{"title":"Mobile Tourism Recommender System for Users to Get a Better Choice of Tour","authors":"None Mostafa. M.khater","doi":"10.31185/wjcms.186","DOIUrl":null,"url":null,"abstract":"The system might include a turn-by-turn route highlight to prevent fake preferences that check if the user has taken the course. A larger customer overview with more participants is required to acquire more insightful client feedback. Our ex-amination was designed as a lab experiment to gather initial data straight absent. While making fun of other clients and their system comments, we looked at a few initial objective mixtures. Doing field research with actual clients using our suggested model in real-world situations (such as when looking for a course online to work from home) is crucial. This will help us better understand how effective our approach is. In this article, we developed a creative method for recommending multimodal travel routes. In a client survey with 20 participants, we evaluated the applicability of our cross-breed computation and its usability. The results show that CF, in-formation-based, and well-liked course concepts complement one more successfully than cutting-edge course organizer advances.

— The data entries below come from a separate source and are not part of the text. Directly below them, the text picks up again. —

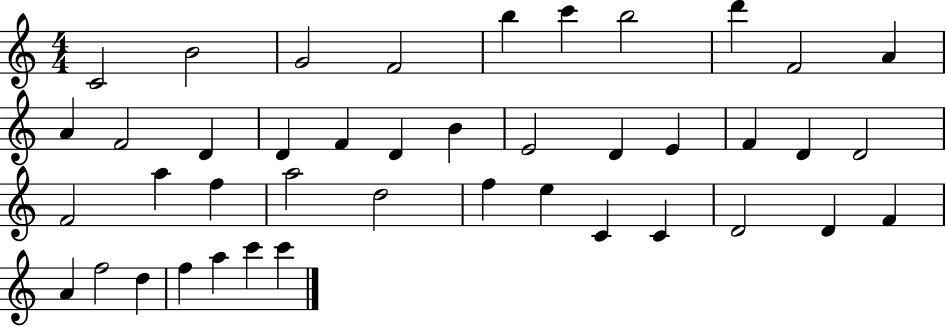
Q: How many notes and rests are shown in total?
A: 42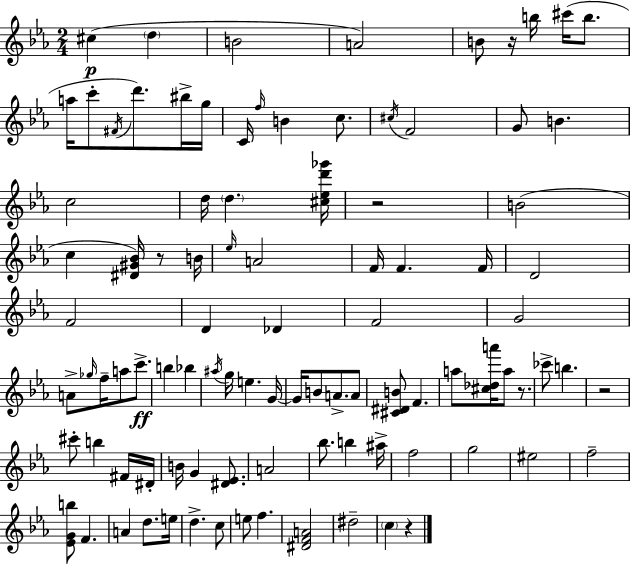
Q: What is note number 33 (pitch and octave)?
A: F4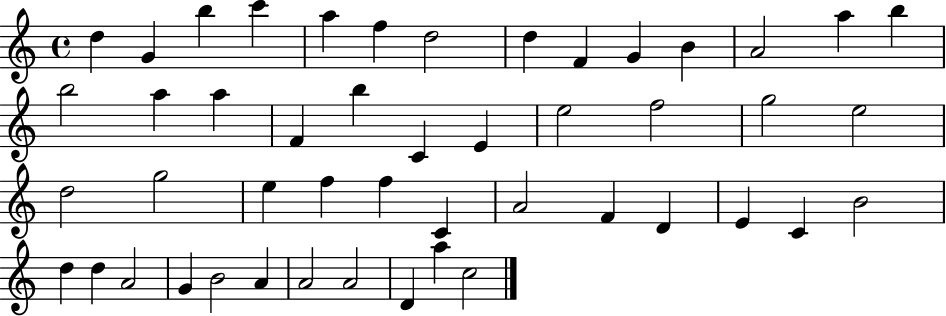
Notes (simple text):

D5/q G4/q B5/q C6/q A5/q F5/q D5/h D5/q F4/q G4/q B4/q A4/h A5/q B5/q B5/h A5/q A5/q F4/q B5/q C4/q E4/q E5/h F5/h G5/h E5/h D5/h G5/h E5/q F5/q F5/q C4/q A4/h F4/q D4/q E4/q C4/q B4/h D5/q D5/q A4/h G4/q B4/h A4/q A4/h A4/h D4/q A5/q C5/h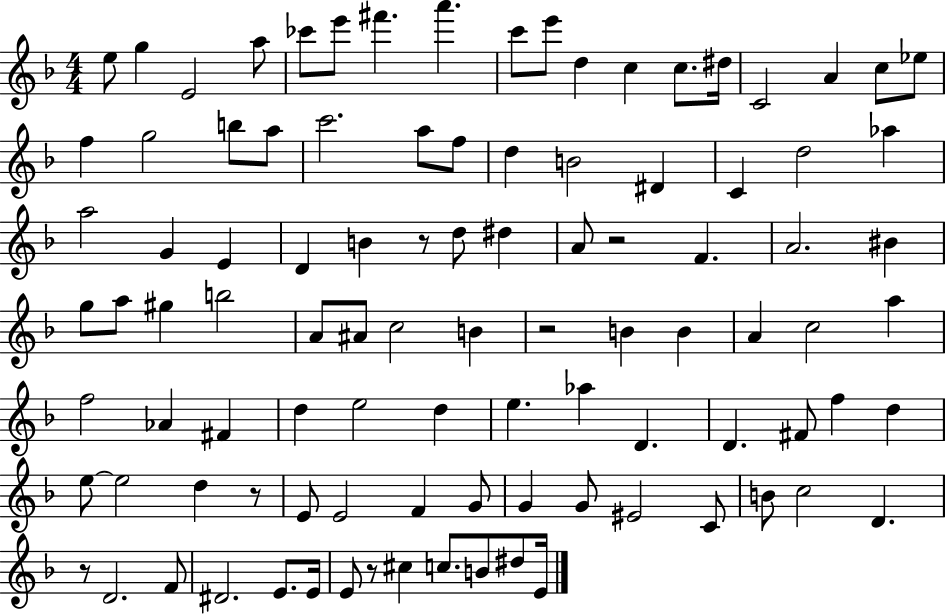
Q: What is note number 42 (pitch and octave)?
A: BIS4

Thanks to the Google Guides Programming interface, our application can give seven different elective trip options.","PeriodicalId":224730,"journal":{"name":"Wasit Journal of Computer and Mathematics Science","volume":"43 1","pages":"0"},"PeriodicalIF":0.0000,"publicationDate":"2023-09-30","publicationTypes":"Journal Article","fieldsOfStudy":null,"isOpenAccess":false,"openAccessPdf":"","citationCount":"0","resultStr":null,"platform":"Semanticscholar","paperid":null,"PeriodicalName":"Wasit Journal of Computer and Mathematics Science","FirstCategoryId":"1085","ListUrlMain":"https://doi.org/10.31185/wjcms.186","RegionNum":0,"RegionCategory":null,"ArticlePicture":[],"TitleCN":null,"AbstractTextCN":null,"PMCID":null,"EPubDate":"","PubModel":"","JCR":"","JCRName":"","Score":null,"Total":0}
引用次数: 0
Abstract
The system might include a turn-by-turn route highlight to prevent fake preferences that check if the user has taken the course. A larger customer overview with more participants is required to acquire more insightful client feedback. Our ex-amination was designed as a lab experiment to gather initial data straight absent. While making fun of other clients and their system comments, we looked at a few initial objective mixtures. Doing field research with actual clients using our suggested model in real-world situations (such as when looking for a course online to work from home) is crucial. This will help us better understand how effective our approach is. In this article, we developed a creative method for recommending multimodal travel routes. In a client survey with 20 participants, we evaluated the applicability of our cross-breed computation and its usability. The results show that CF, in-formation-based, and well-liked course concepts complement one more successfully than cutting-edge course organizer advances. Thanks to the Google Guides Programming interface, our application can give seven different elective trip options.